WHAT IS EXPECTED: Pictures in the data must not be copied, but everything else should be output exactly.

RECORDED DATA section start

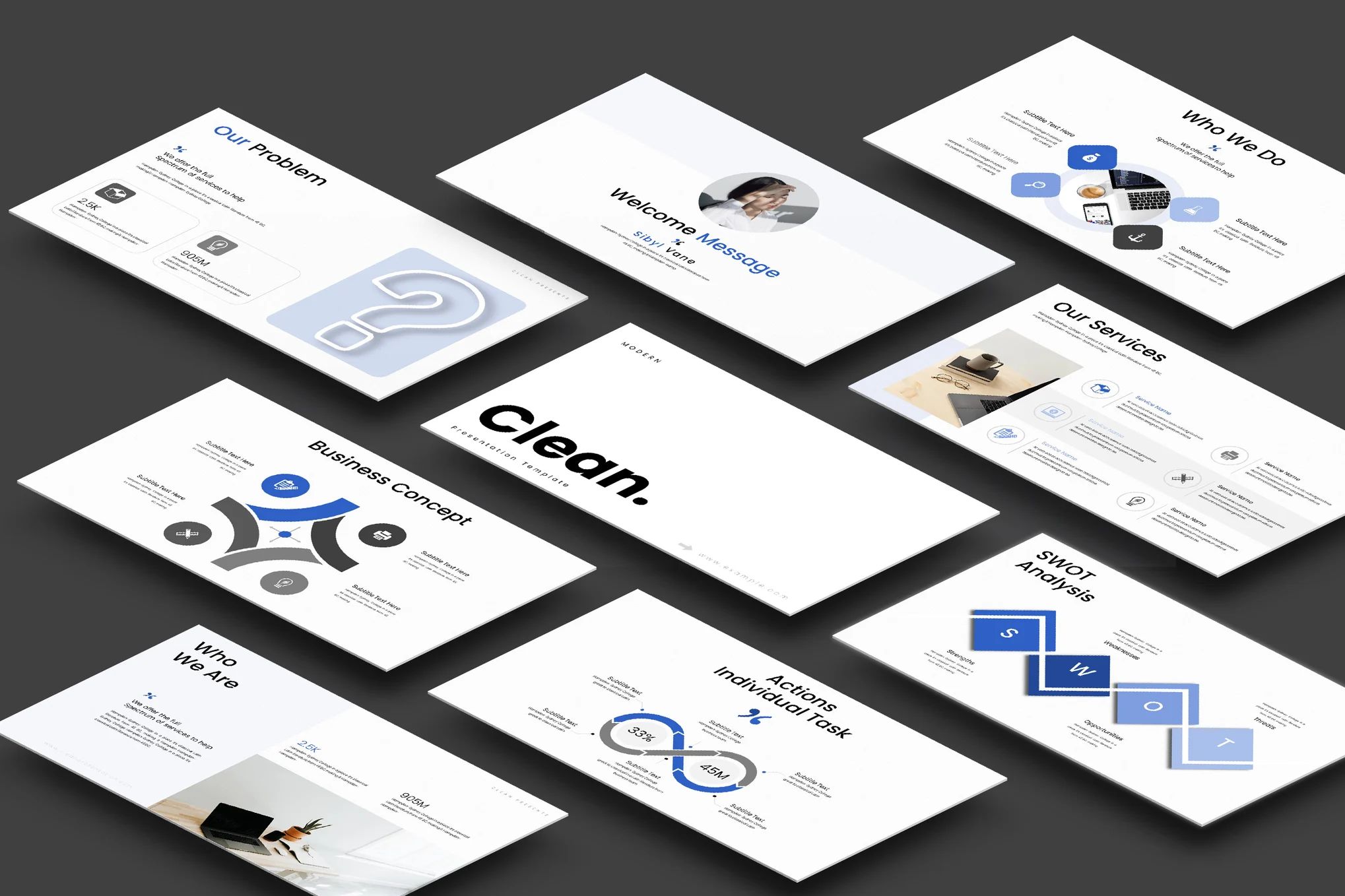 Clean Presentation Template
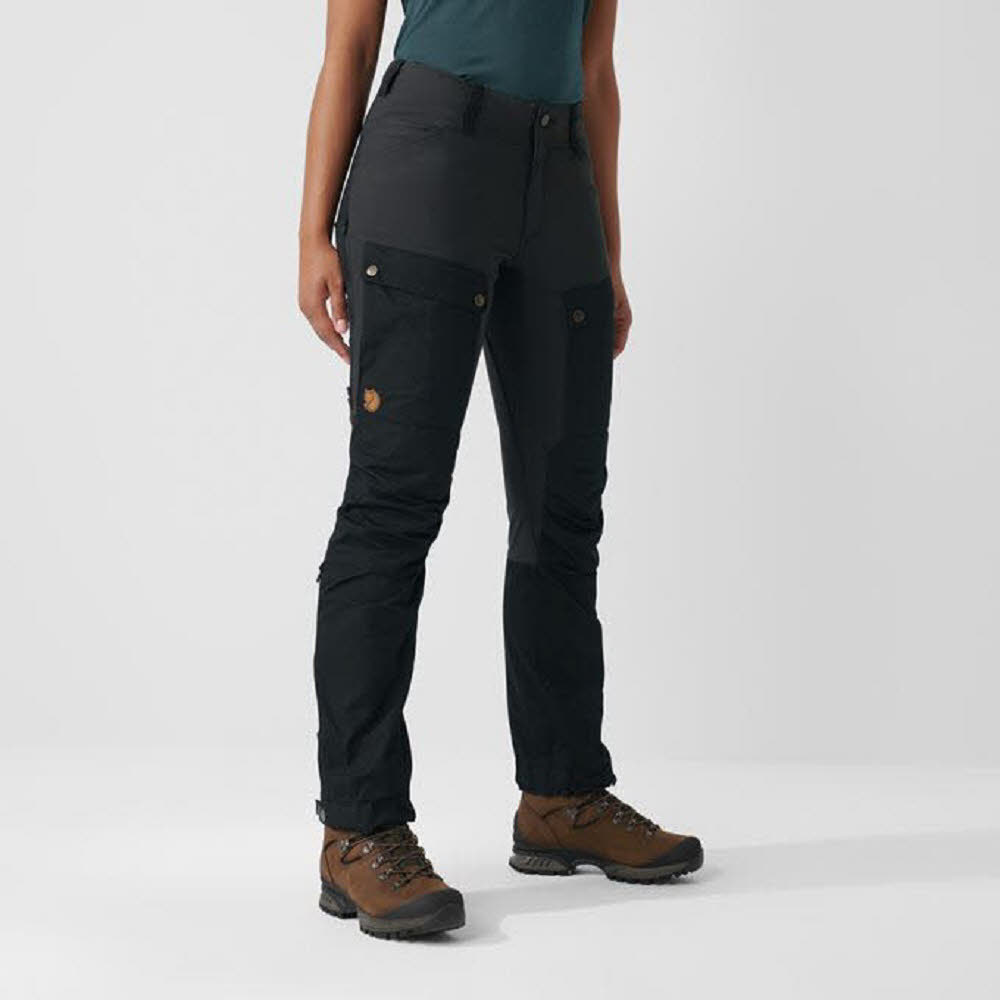 Fjäll Räven Keb Trousers Damen Trekkinghose Wanderhose grau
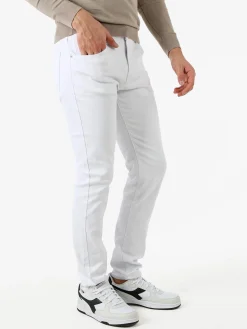 Max Tre Pantaloni jeans skinny da uomo - bianco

RECORDED DATA section end

TASK RESPONSE:
 Clean Presentation Template
 Fjäll Räven Keb Trousers Damen Trekkinghose Wanderhose grau
 Max Tre Pantaloni jeans skinny da uomo - bianco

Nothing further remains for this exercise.